52. With regard to the petition to be examined, the Commission has established the applicability of the exception regarding lack of due process of law for the protection of the right or rights that have allegedly been violated referred to in Article 46(2)(a) and must therefore evaluate whether the petition was presented within a reasonable period in accordance with the specific circumstances of the case at hand.

53. In the present case the petition was lodged with the Commission on August 21, 2006. The fact situation presented reveals that Mr. Zaldaña has been uninterruptedly in detention since his arrest at the International Airport in Panama on April 15, 2004. He was transferred to the United States on August 18, 2004, where he was subjected to proceedings leading to his prison sentence. In determining whether the petition was submitted within a “reasonable” time, the Commission must consider the circumstances of the specific case.[4]

54. The Commission takes into consideration Mr. Zaldaña’s legal situation that involved two countries and has been going on since April 2004, for over three years. Mr. Zaldaña was in uninterrupted detention in Panama and the United States, he claims inadequate and improper legal representation, and he suffers from the limitations imposed by an eighth grade education. Mr. Zaldaña was arrested upon his arrival in Panama on April 15, 2004, was held for four months and was extradited to the United States on August 18, 2004. Once in the United States, on February 18, 2005, Mr. Zaldaña changed his plea of Not Guilty to a Guilty plea to the charge of conspiracy to import cocaine into the US. As a consequence, on June 22, 2005, he was sentenced to 135 months imprisonment by the US District Court for the Southern District of New York. Despite the guilty plea, on June 27, 2005, Mr. Zaldaña appealed his judgment to the US Court of Appeals. That appeal is still pending.

55. The claim that the petitioner is making, viz. that his right to due process was violated in that Panama failed to notify him, at the time of his arrest or at least before he made his first statement before the authorities, of his right to consular assistance, once he was detained in Panama, is a claim that requires prior knowledge of the existence of the right. What distinguishes this right from other human rights is that knowledge of the existence of the right is dependent upon the notification requirement imposed upon the State and which the State, in this case, failed to afford the detainee. Accordingly, under these circumstances, the Commission considers that the petition was filed within a reasonable time and finds that the petition is not barred from consideration under Article 46(1)(b) of the American Convention.

4. Duplication of procedures and international res judicata

56. There is no suggestion in the case file that the subject of the petition or communication is pending in another international proceeding for settlement, nor that the petition or communication is substantially the same as one previously studied by the Commission or by another international organization. Accordingly, the requirements established in Articles 46(1)(c) and 47(d) of the American Convention shall be deemed to have been met.
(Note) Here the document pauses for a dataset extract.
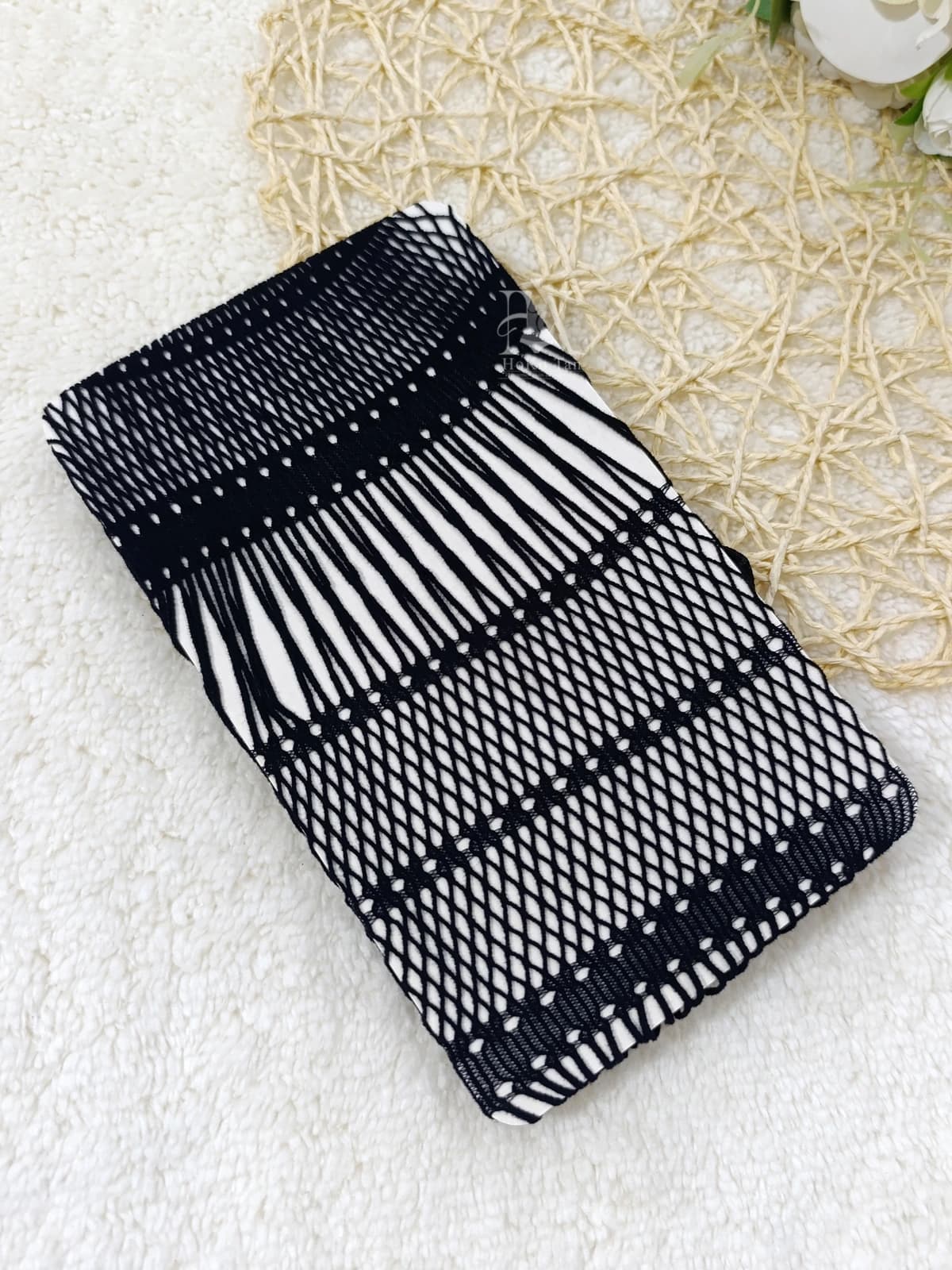 جوراب شلواری فانتزی لب ژله ای کد 13 — تصویر ۲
5. Characterization of the facts alleged

57. For purposes of admissibility, the Commission shall decide whether the petition or communication states facts that tend to establish a violation of the rights guaranteed by this Convention, as stated in Article 47(b) of the American Convention, if the statements of the petitioner or of the State indicate that the petition or communication is manifestly groundless or obviously out of order, according to paragraph (c) of the same Article.

58. The standard for assessing these criteria is different from the standard required for deciding on the merits of a complaint. The Commission must carry out a “prima facie” assessment so as to examine whether the complaint establishes the apparent or potential violation of a right that is guaranteed under the American Convention and not so as to establish the existence of a violation. Such an examination is a summary analysis that does not imply any prejudice or preliminary opinion on the merits.[5]
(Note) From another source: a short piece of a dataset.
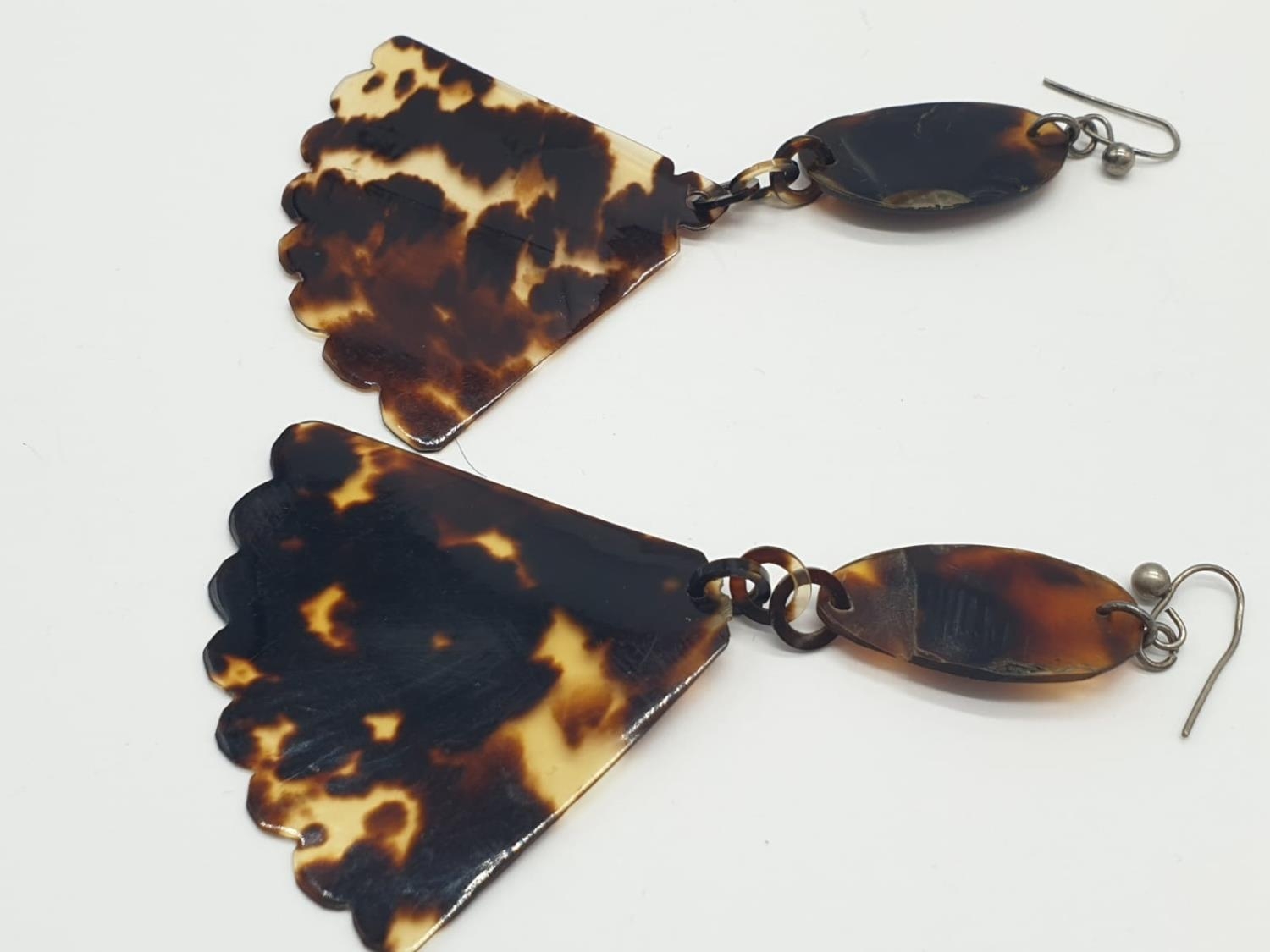 Tortoiseshell and silver earrings. 4.2g in weight. 8cm drop. - Image 2 of 4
59. The Commission does not find that the petition is “manifestly groundless” or that it is “obviously out of order”. As a result, the Commission considers that, prima facie, the petitioner has met the criteria set forth in Article 47(b) and (c) of the American Convention.
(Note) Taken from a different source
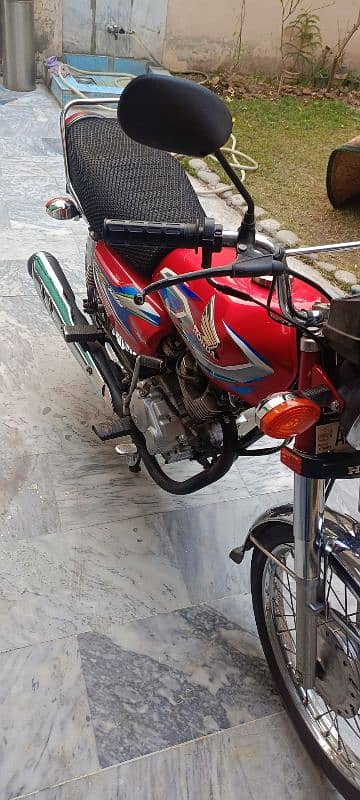 Honda 125 Red Color 12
60. In addition, the central claim of the petitioner is that his right to due process, as set forth under Article 8 read in conjunction with Article 1(1) of the American Convention and Article 36 of the Vienna Convention on Consular Relations, was allegedly violated by Panama given Panama’s failure to inform him of his right to consular assistance “without delay” following his detention. The Inter-American Court’s Advisory Opinion No. 16 stated that the Vienna Convention on Consular Relations confers rights upon detained foreign nationals; among them the right to information on consular assistance. The legal question posed by this case is whether the duty to inform the detainee of his right to consular assistance attaches in the first country in which the alien finds himself in a case where his extradition and prosecution is sought by a second country, or whether it only attaches in the second country, as a right of the defense in criminal proceedings, in a case where he is subject to criminal prosecution.

61. In light of the foregoing, the Commission is of the view that the petition raises important questions regarding possible violations of Article 8 of the American Convention, as informed by the Vienna Convention on Consular Relations and concludes that the petition is not inadmissible under Article 47(c) of the American Convention as “manifestly groundless” or “obviously out of order.”

V. CONCLUSIONS

62. Based on the considerations of fact and law set forth herein, and without prejudging the substantive merits of the question, the Commission finds that the present case meets the requirements for admission as set forth in Article 46 of the American Convention.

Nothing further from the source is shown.